This is the site where my great-grandmother Gatske de Jong lived and where she later sold flowers during and after World World II. Gatske was originally from Leeuwarden, Friesland before moving to Amsterdam and marrying my great-grandfather Frans Ludwig Broekveldt on April 27, 1904 – who died before my grandfather, Frans Ludwig Broekveldt II was born. She remarried Jan de Wit, a professional diamond cutter who lost an eye and became a flower merchant, and continued to live here until she died in 1960 of tuberculosis. Due to her illness, Gatske did not want to see me through a window – not being able to take me in her arms. I was ninth months old when she died on my first trip to Amsterdam.
(Documents above previously posted on Fading Ad Blog on February 26, 2009)

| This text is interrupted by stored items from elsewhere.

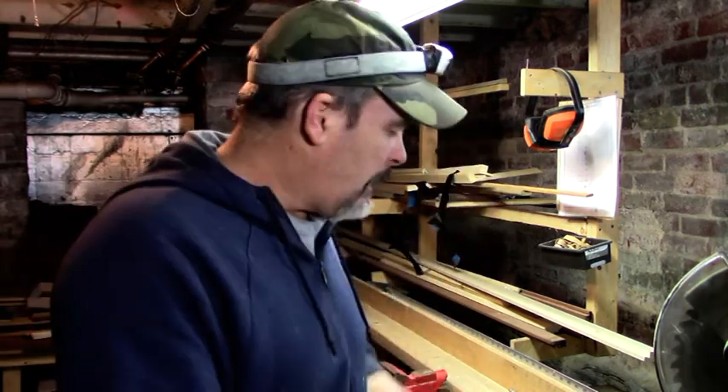Hey everybody, what's going on? This is Bruce Zabowski Studio. This is part two of my DIY floater frame molding video. We're going to now take what I cut in the first video — my molding — and I'm going to show you how I chop it up to size and join it to make a frame. Thanks for joining me.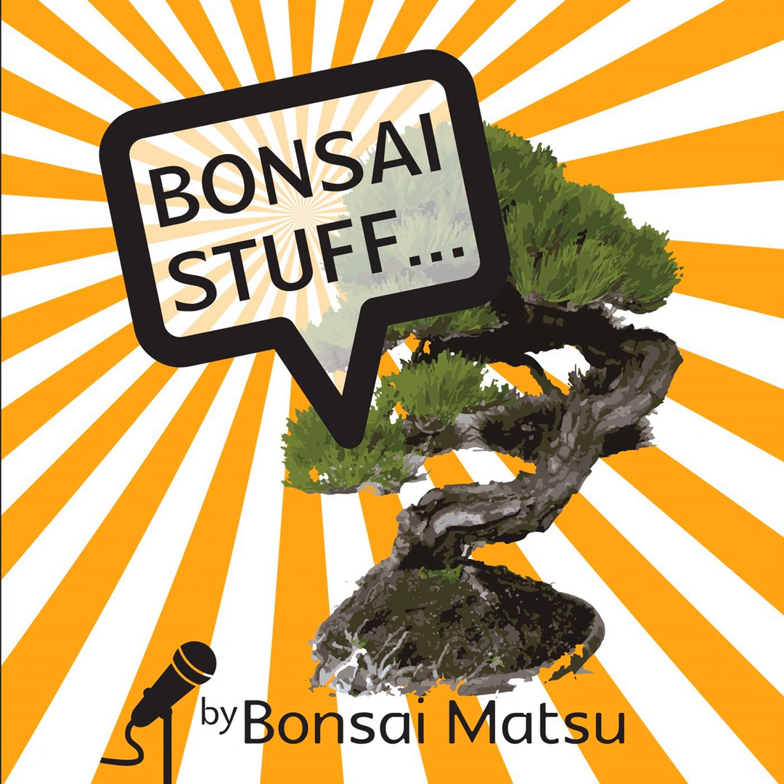Welcome back to another episode of the Bonzo Stuff podcast, from Scott Martin at Bonzo Matsu, in lockdown in Melbourne, Victoria, Australia. It's awkward times at the moment but really positive too, because we're about to hit spring in a few weeks. Mid-August now, and as I look around the workshop from wall to wall, all I can see is pines that have been repotted, junipers, and all the trees that have been given that little bit of rejuvenation that they so willingly deserve.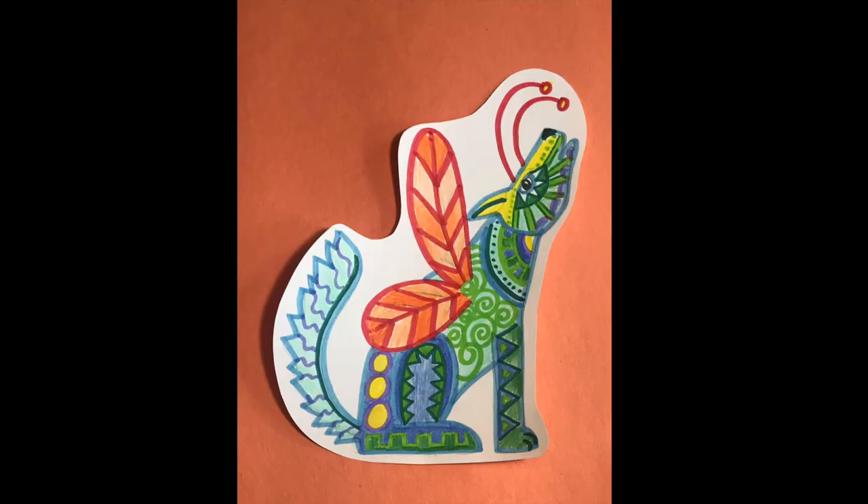You can cut very carefully around your alebrije, removing the ones that you did not add color to. Ta-da! Show it off to someone at home. You guys are awesome — thanks for creating with me.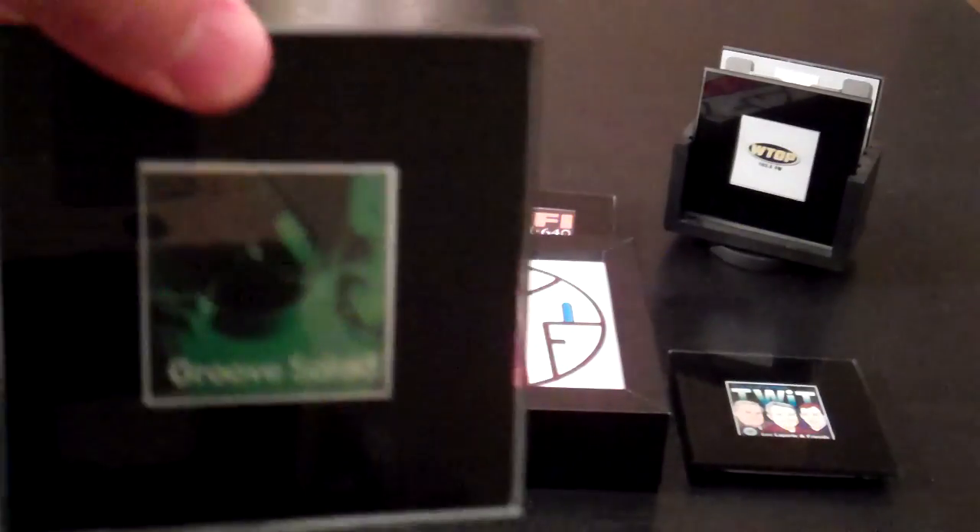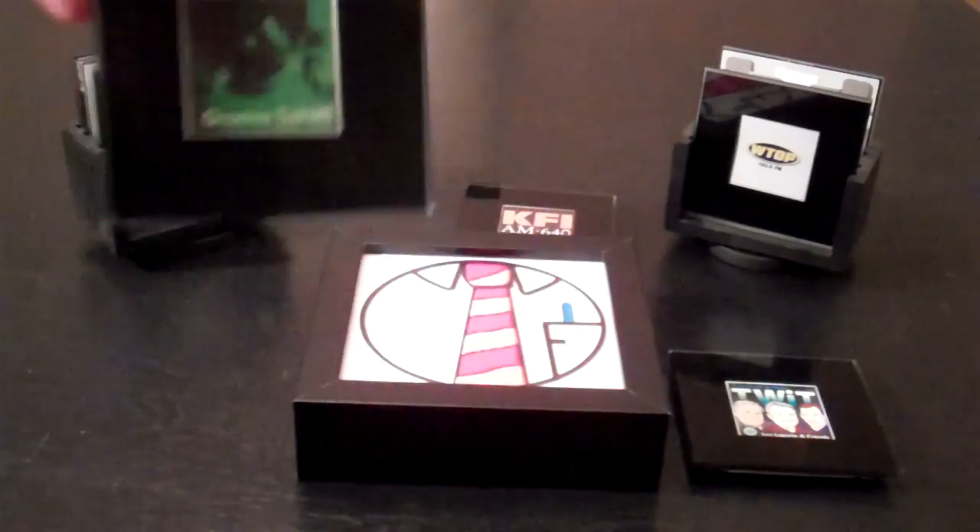Of course, there are radio stations that are online as well. Here's Groove Salad from Soma FM.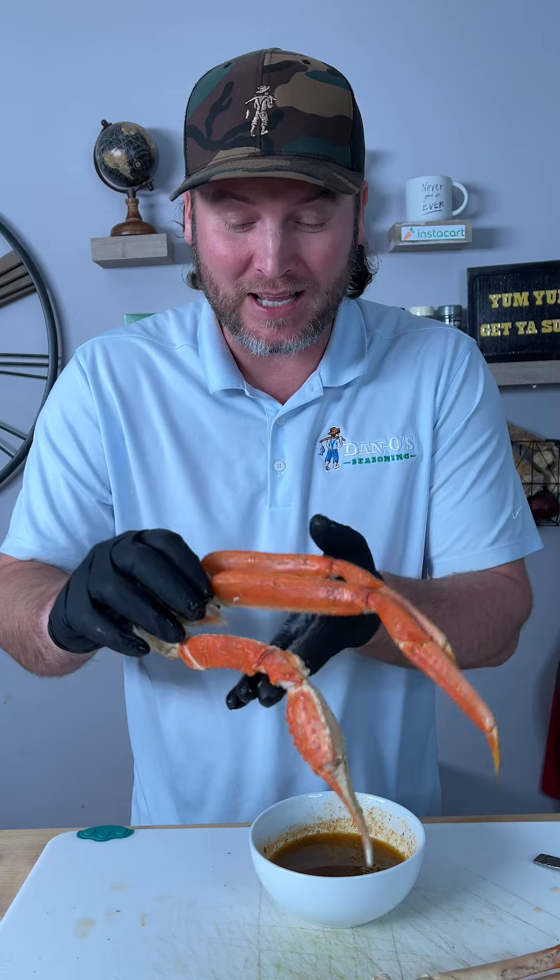So many times about going to dinner with people that don't know how to crack crab legs — I'm going to show you exactly how to do it.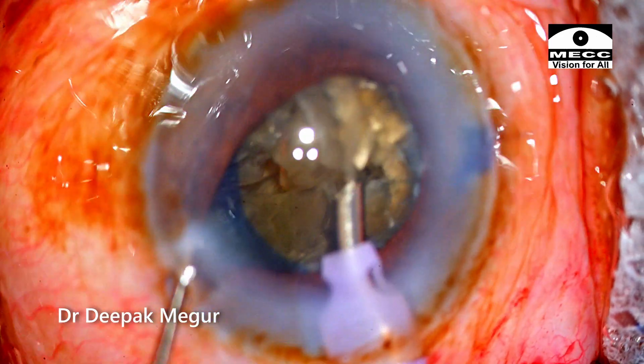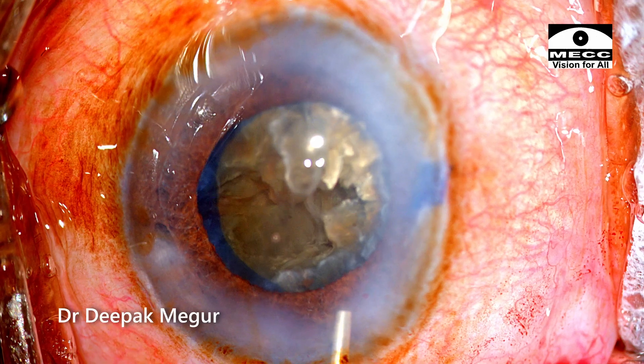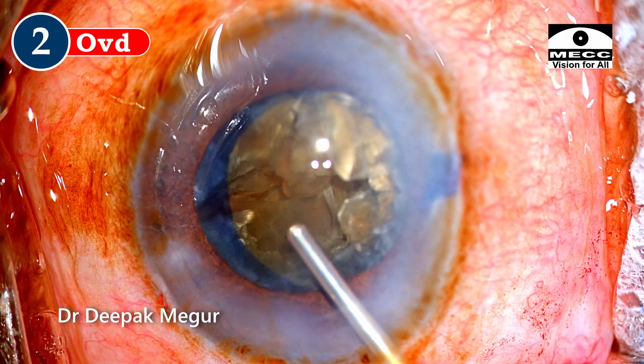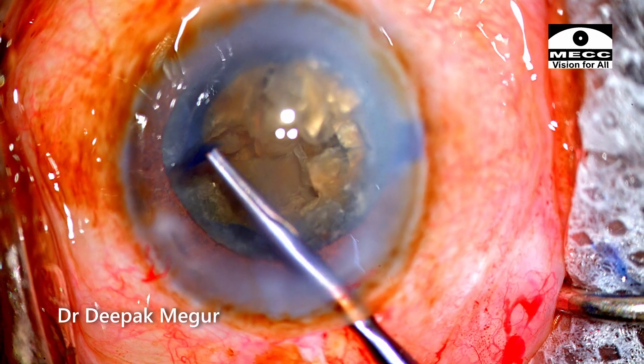At this moment the pupil has come down, so I am injecting some intracameral mydriatic — adrenaline or phenylephrine — just to maintain proper mydriasis. I also realize that a bigger rhexis would be beneficial, so I go ahead and enlarge the rhexis.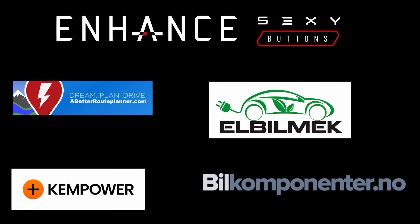This video was sponsored by Enhance, Elbilmec, Abiturplanner, Kempower, and Bilkomponenter.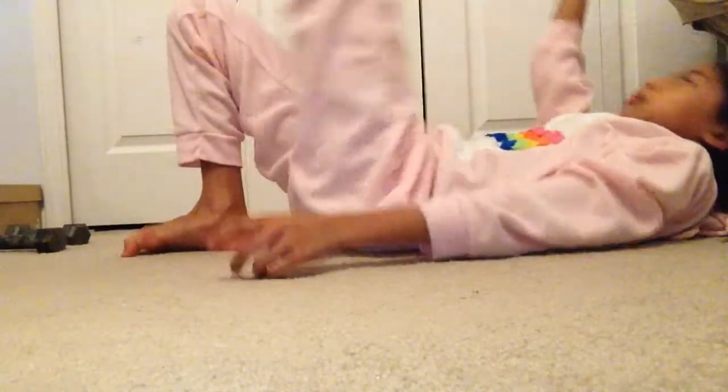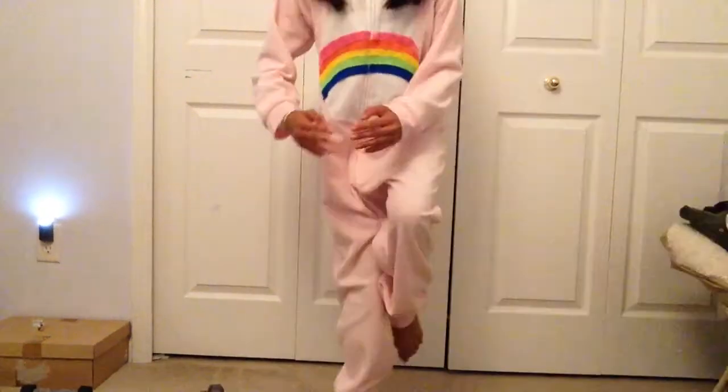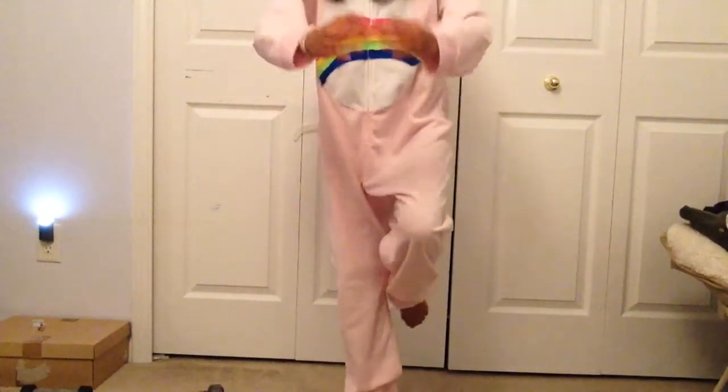These next ones are called Max Effort Squat Jumps. You're just going to put all your energy into doing squat jumps, and do about eight of these. These next ones are called One Foot Max Effort Squat Jumps — you're going to do the same thing but on one foot. Do sticks on each side.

During the war, a Canadian airman was shot over Leidseplein and parachuted to uncertain safety in front Gatske’s modest little stoop, which is now next door to a headshop. Ignoring Jan de Wit’s protests about getting caught by the Germans, Gatske pulled in the Canadian arm over arm, parachute and all, and cleaned his wounds with Jonge Jenever – a Dutch gin. Gatske nursed the pilot back to health – returning him to the Dutch resistance where he disappeared into obscurity.